Inscrit le: 28 Oct 2005
Messages: 3547

MessagePosté le: Mer Jan 18, 2023 5:35 pm    Sujet du message: Répondre en citant

J'ai vu trois fois la Sylphide (une fois ONP, 2 fois ENB). J'ai trouvé ce ballet assez difficile d'accès comparé aux autres grands classiques. Pour un public néophyte il n'y a pas vraiment d'occasions d'accrocher : ni un "tube" musical, ni de grands Pas de deux ou variations qui "marquent". Et surtout un synopsis assez dilué, sans réelle tension dramatique.
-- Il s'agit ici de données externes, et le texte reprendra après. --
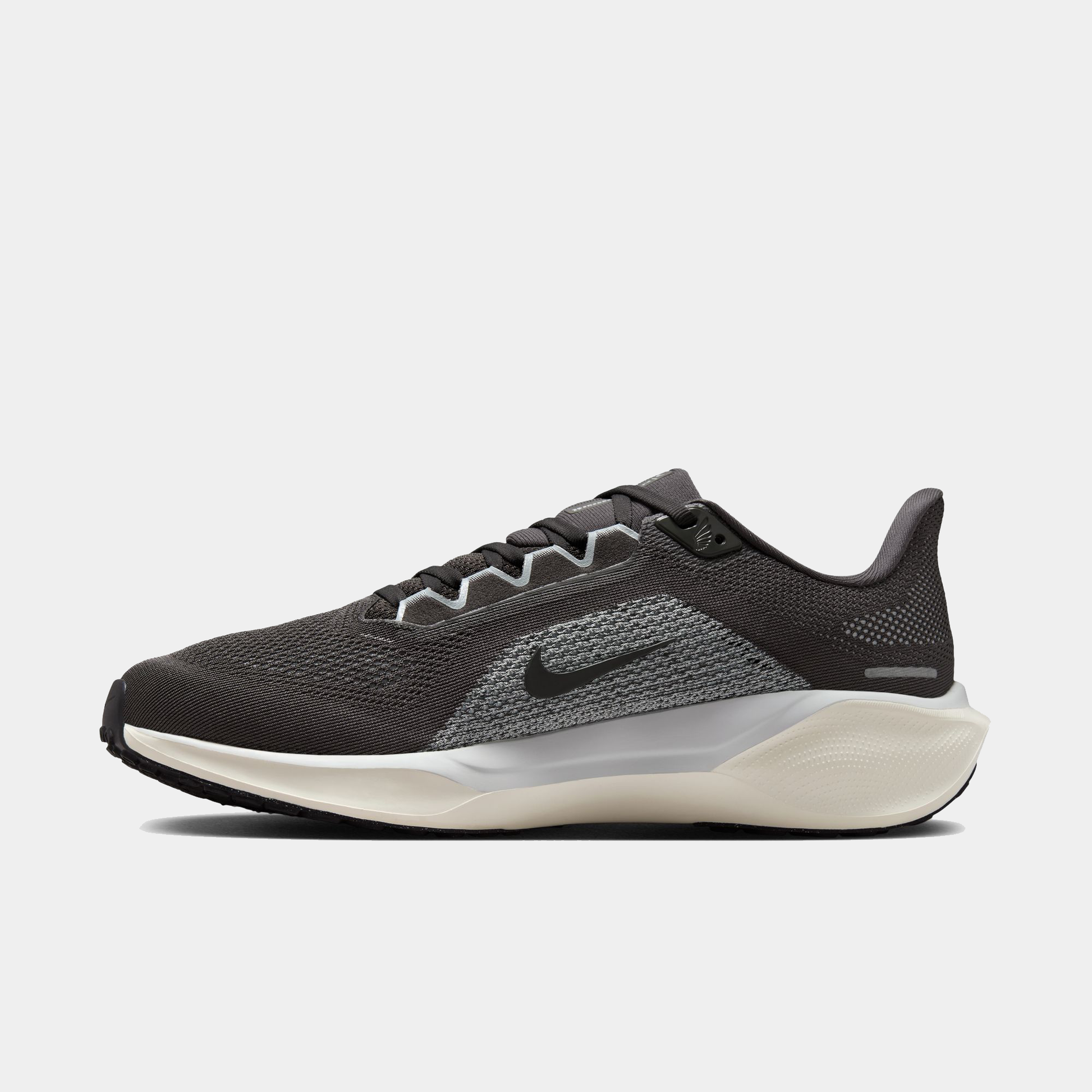 Air Zoom Pegasus 41 Sneakers - Premium Brand Shoes for Men and Women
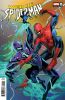 [title] - Web of Spider-Man (Oneshot 2024) #1 (Greg Land variant)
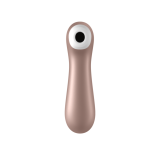 Pro 2 Vibration 2020 Edition von Satisfyer Air Pulse | Fesselliebe.de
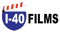 i-40-films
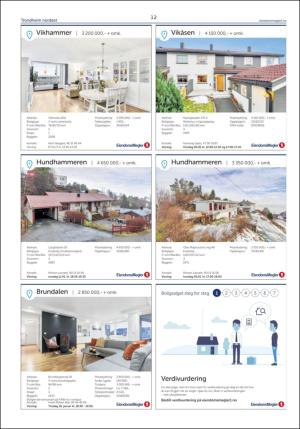 adresseavisen_bilag-20161224_000_00_00_012.pdf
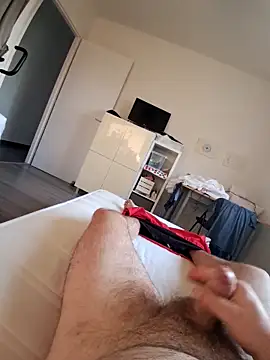 nico33000a online show from 02/25/26, 04:51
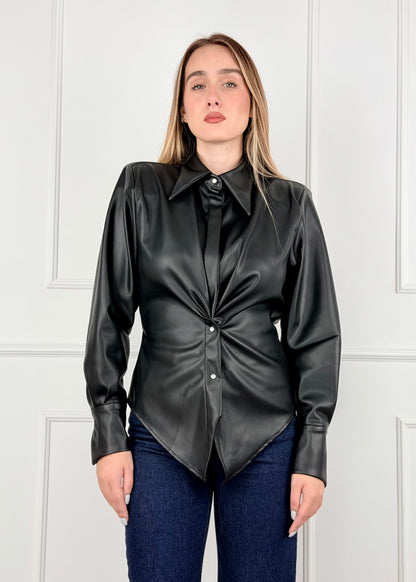 FW260186 - TENSIONE IN CAMICIA FRONT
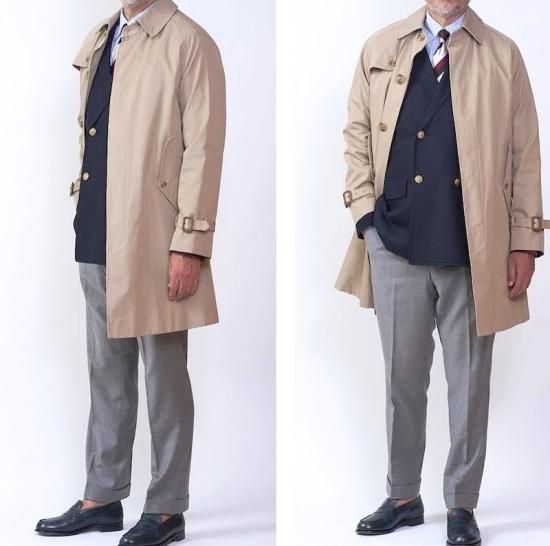coat - SOUTIENCOL Online Shop coat - SOUTIENCOL Online Shop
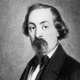 Frasi di Louis Bouilhet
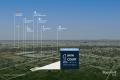 Massive 1021sqm Land in Quiet location!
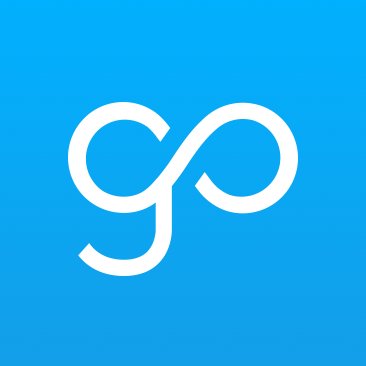 Design jobs at GoCanvas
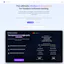 TestFabric
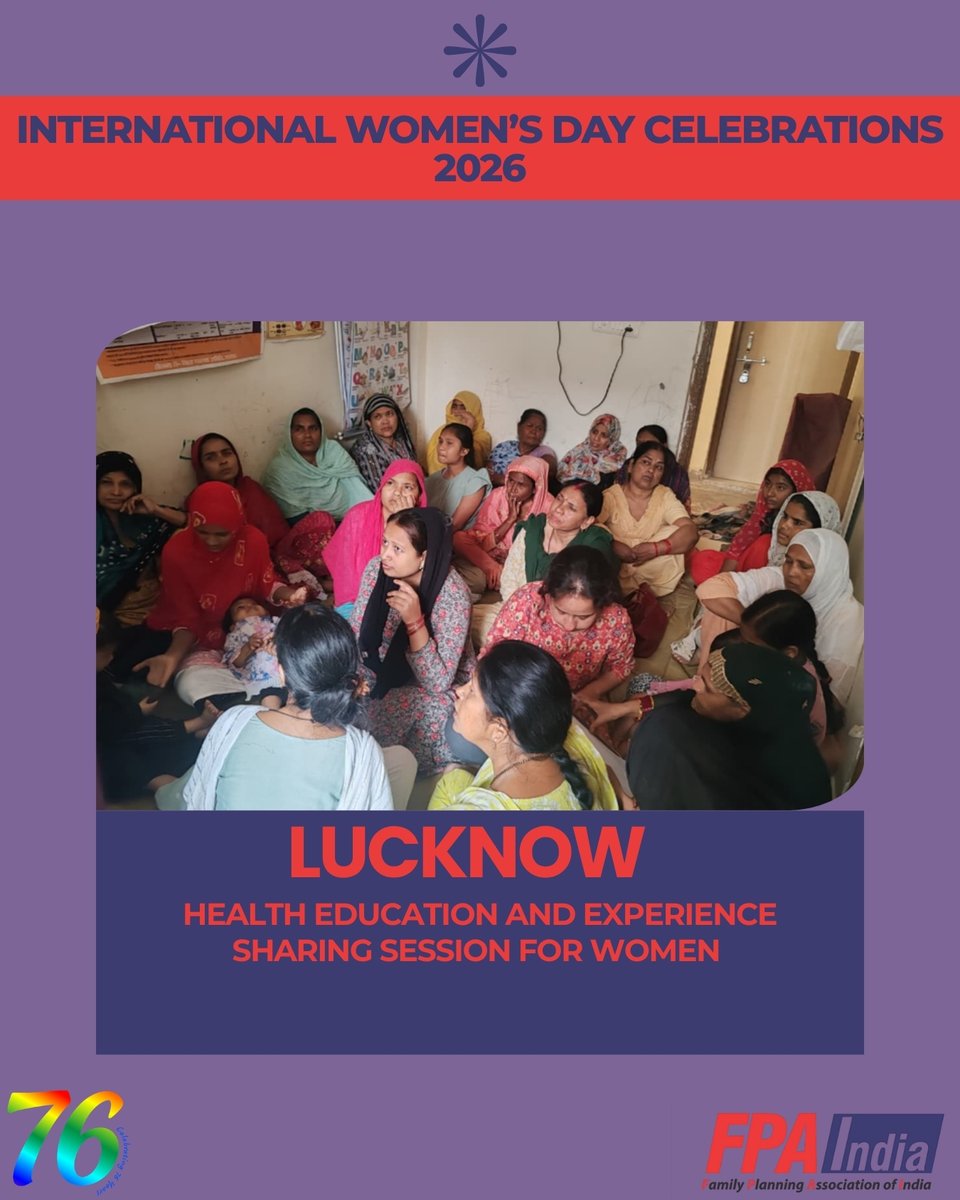 FPAIndia tweet media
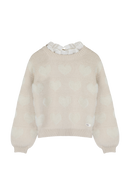 Soho Sweater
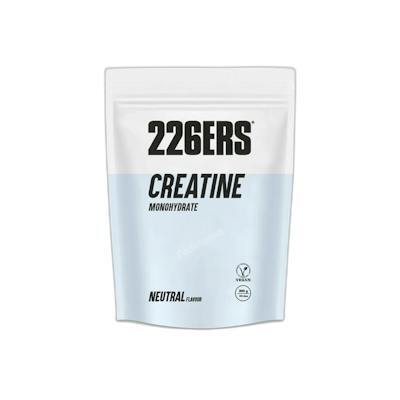 226ERS CREATINE 300 GR 226ERS CREATINE 300 GR
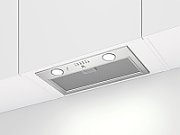 Electrolux LFG516X Built-in hood stainless steel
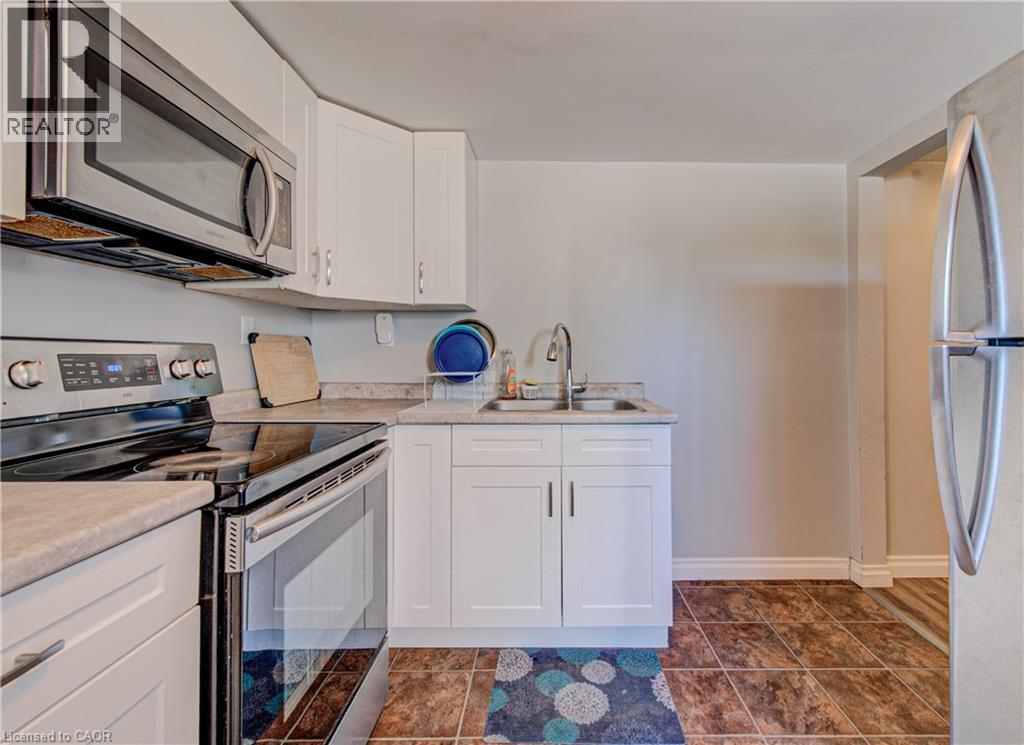74 GLEN PARK Crescent thumbnail 26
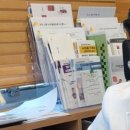경희판교부부한의원 네이버블로그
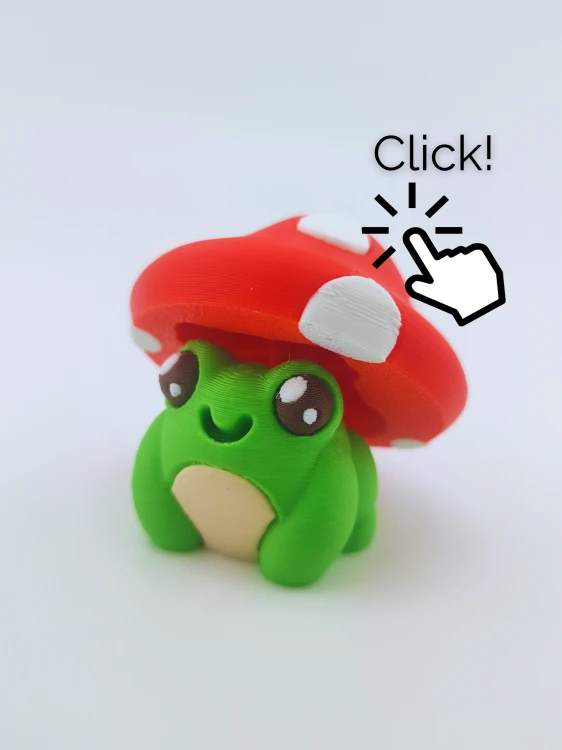 Click.png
En comparaison, Sylvia et Coppélia sont plus faciles. D'une part, tous deux reposent sur des partitions gorgées de "tubes" (au ROH le solo avec pizzicato de Sylvia ne manque jamais de provoquer des bruissements de satisfaction dans le public, genre "je connais", pareil pour la Mazurka de Coppélia Un peu l'équivalent de la Danse des petits cygnes dans le Lac). D'autre part, la construction dramatique de ces ballets est plus "évidente", elle ménage les montées en tension, alterne moult ensembles et variations qui marquent les esprits. Je trouve que ce sont des ballets plus "narratifs". Bref, pour un spectateur peu spécialiste du ballet il est plus facile d'y trouver des repères et d'accrocher.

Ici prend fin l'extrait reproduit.